**ACTION ITEM:**
What is needed is the exact text of each line in the listing below from the one with "Indian ornamental tarantula/" up to and including the one with "Cinnamon Spice rose photo", and no pictures.

**PROVIDED ENTRIES:**
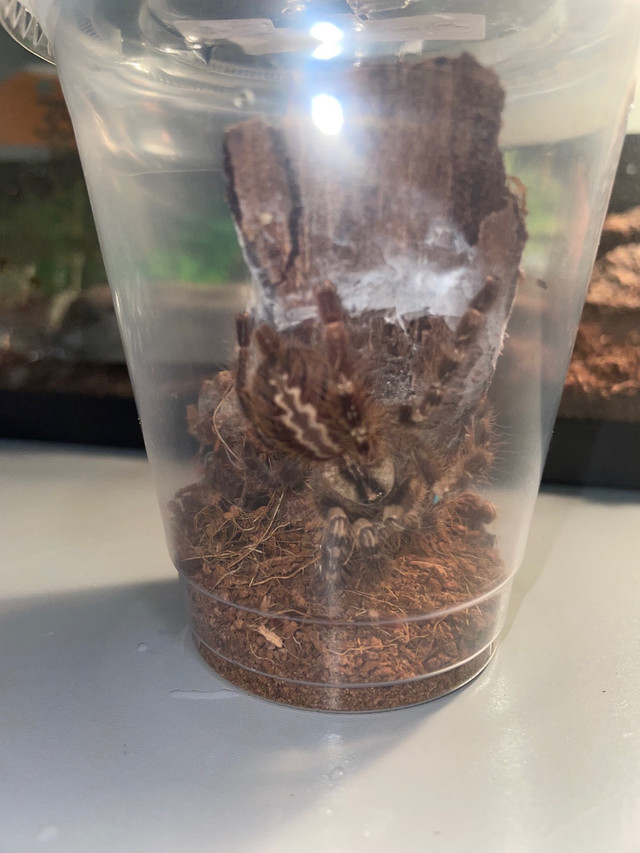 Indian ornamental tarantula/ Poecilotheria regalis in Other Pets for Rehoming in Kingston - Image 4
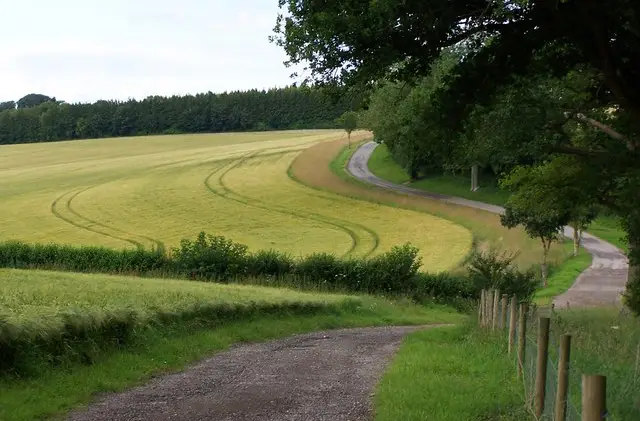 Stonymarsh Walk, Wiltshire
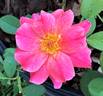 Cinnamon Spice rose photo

* * *

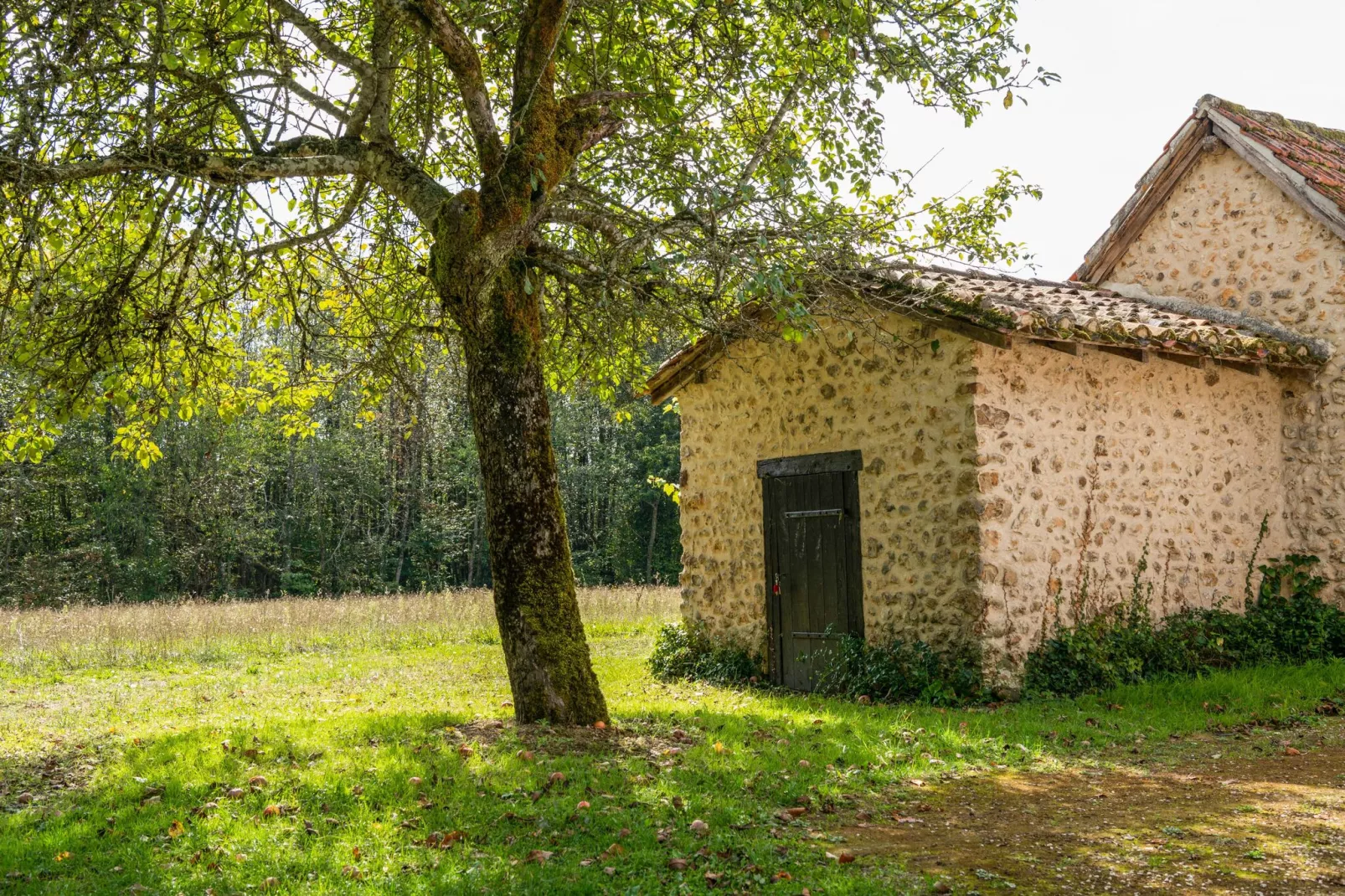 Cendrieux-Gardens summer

**TASK RESULT:**
 Indian ornamental tarantula/ Poecilotheria regalis in Other Pets for Rehoming in Kingston - Image 4
 Stonymarsh Walk, Wiltshire
 Cinnamon Spice rose photo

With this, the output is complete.